Most surviving structures are from the 15th and 16th centuries. Some are a little older, others younger and the ‘outer defences’ beyond the town gate, are 18th century and now enclose a garden showing how the castle eventually morphed into a palace.

Inside the Outer Defences, Stirling Castle

To the southwest is the Kings Knot, a 12th century park once used for jousting, hawking and hunting. In the 1490s, James IV planted fruit trees, flowers and ornamental hedges, and the earthwork was constructed for the Scottish coronation of Charles I’s in 1633. Stirling Heritage Trust say the most impressive view of the castle is from this earthwork.

The King's Knott by Stirling Castle

The castle’s first appearance in written record was surprisingly late when King Alexander I dedicated a chapel here in 1110. Stirling became a Royal Burgh and an administrative centre in the reign of Alexander’s successor (and brother) David I (r1124-53).

Being situated at almost the narrowest part of Scotland with the Highlands to the north and the Lowlands to the south, Stirling’s strategic importance led to the saying, ‘he who holds Stirling holds Scotland.’ The Castle has thus been besieged seven times, most frequently during the wars with Edward I of England, and most recently by Charle Edward Stuart in 1745 during his abortive attempt to regain the crown for the Stuarts.

Through a gate…

Into the Inner Ward, Stirling Castle

…we entered an older section of the castle, though more Stuart than medieval.

In the inner ward, Stirling Castle

Inside there was a minstrel to pluck a tune on his lute to accompany our visit.

Minstrel, Stirling Castle

We admired the tapestries…

Tapestries, Stirling Castle

…. and the queen’s bedchamber. She did not sleep here, she had a smaller, more personal room behind, this one was just for show.

Queens Bedchamber, Stirling Castle

The Stirling Heads – 16th century medallions, a metre in diameter, with carvings of kings, queens, nobles, Roman emperors, biblical figures and characters from classical mythology - decorated the palace ceilings until a collapse in 1777.

One of the Stirling Heads

Back outside we approached the North Gate, in part dating from the 1380s making it the oldest structure in the castle.

The North Gate, Stirling Castle

And so our castle visit came to an end.

The Maharajah

Like many Scottish towns Stirling has many restaurants opening 10.00 to 5.00 pm for coffee, lunch and tea, but surprisingly few offer dinner. Eating out on a Friday night requires booking, and doing so earlier than we did.

However, we had exhausted the delights of the hotel menu, and The Maharajah may have maintained a low profile on the internet and local guides, but it was just across the road. Small Indian restaurants are very variable and we had no local knowledge, but we decided to chance our luck.

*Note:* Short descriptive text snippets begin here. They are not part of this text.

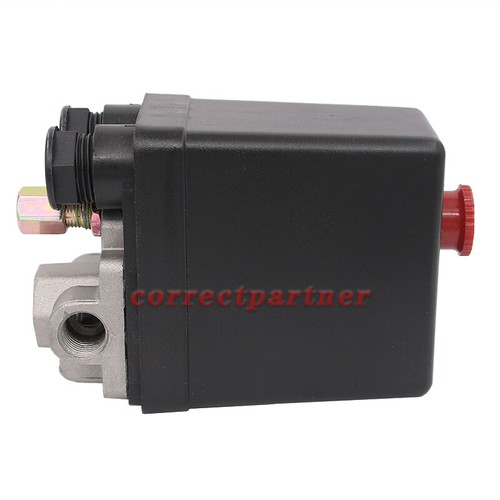 Für Hitachi Luftkompressor Druckschalter Entladeventil 882-609 PS104PPL EC12 US - Bild 4 von 8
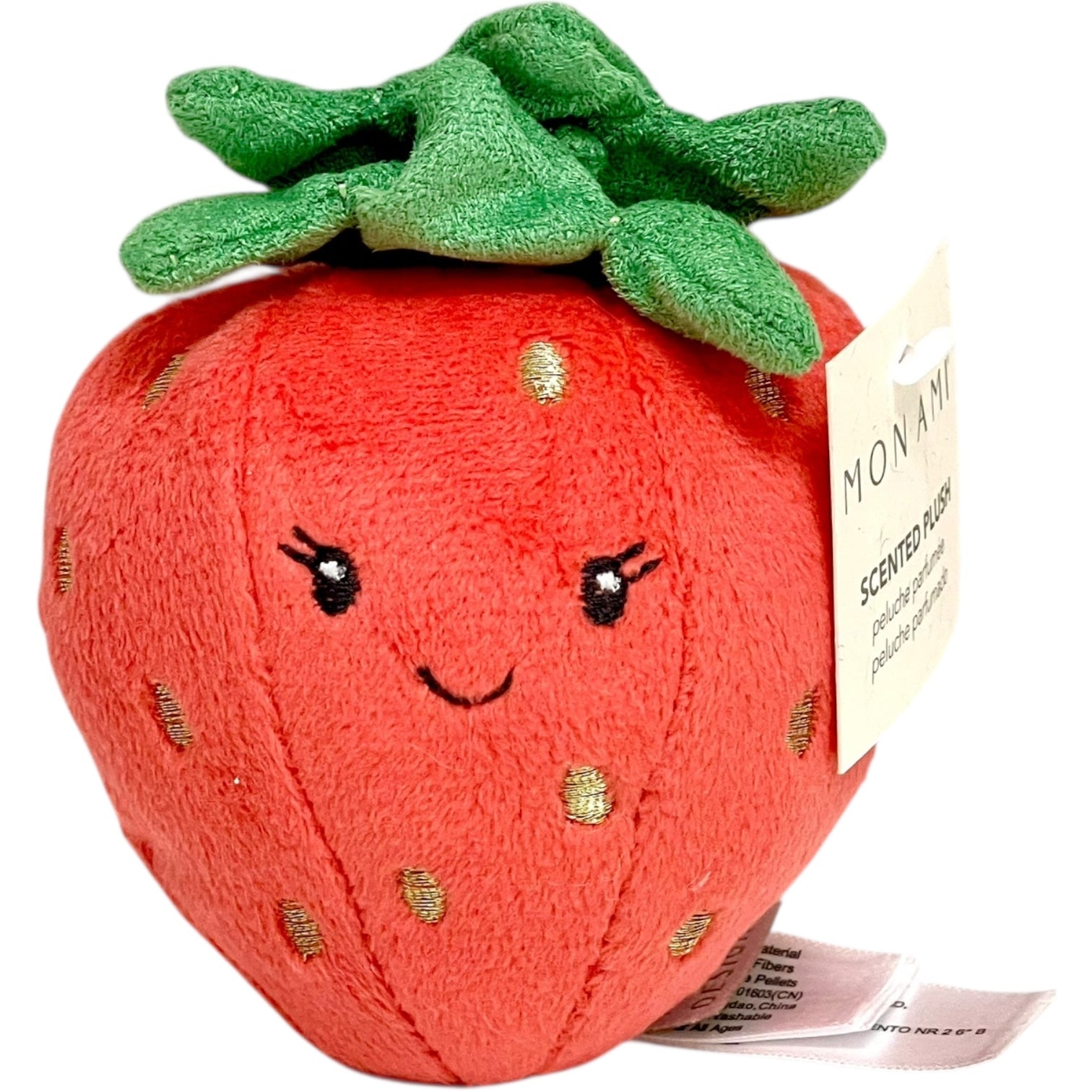 Mon Ami Strawberry - Red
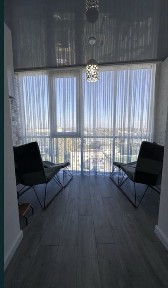 Продається 1-кімнатна+кухня-студія біля ТЦ Депот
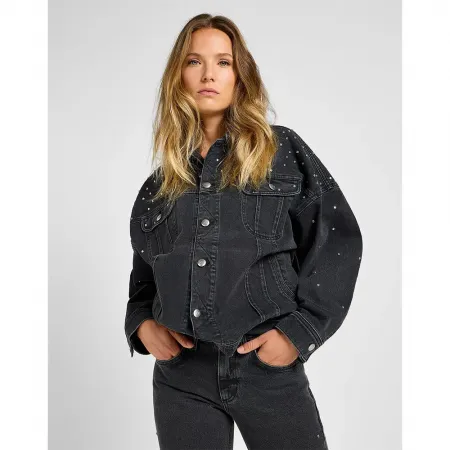 LEE Loose Rider 데님 자켓 140872178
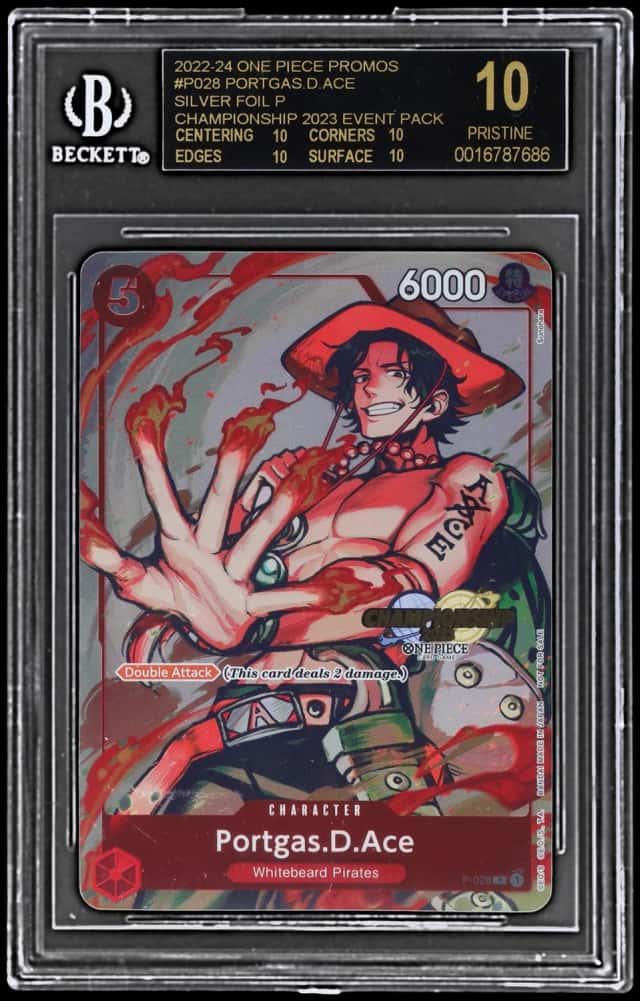 Portgas D. Ace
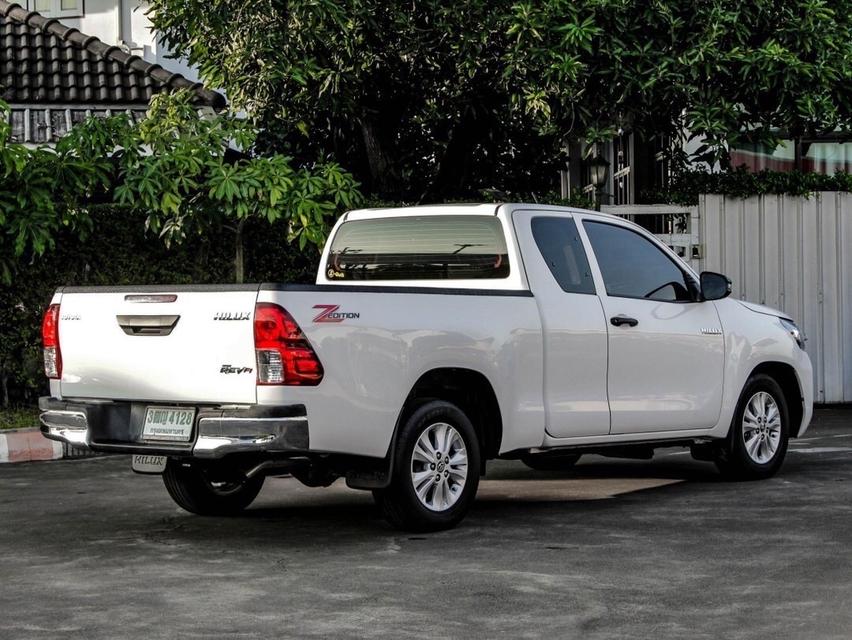 #TOYOTA #HILUXREVO, 2.4 ENTRY Z EDITION SMART CAB ปี 2021 รหัส SR4128 7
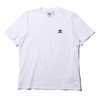 adidas Originals AC WAPPEN TEE WHITE DN8024画像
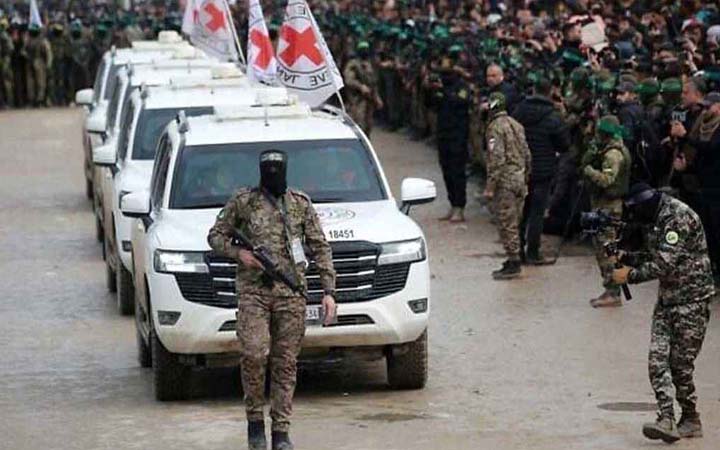 অবশেষে ৬ শতাধিক ফিলিস্তিনিকে মুক্তি দিলো ইসরায়েল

And lucky we were, The Maharajah fed us well, so now we have local knowledge I can advise travellers searching for an evening meal in Stirling to visit the Maharajah.

The Maharajah, Stirling

I was not surprised by the number of cyclists coming in carrying the distinctive boxes of Deliveroo and its competitors, they soon loaded up and peddled off, but what surprised me was that most were not youngsters but men in their 50s or 60s’

The End

So our 2022 Scottish sojourn ended with our best meal out since our first night in Glasgow. The next day we made the long drive home.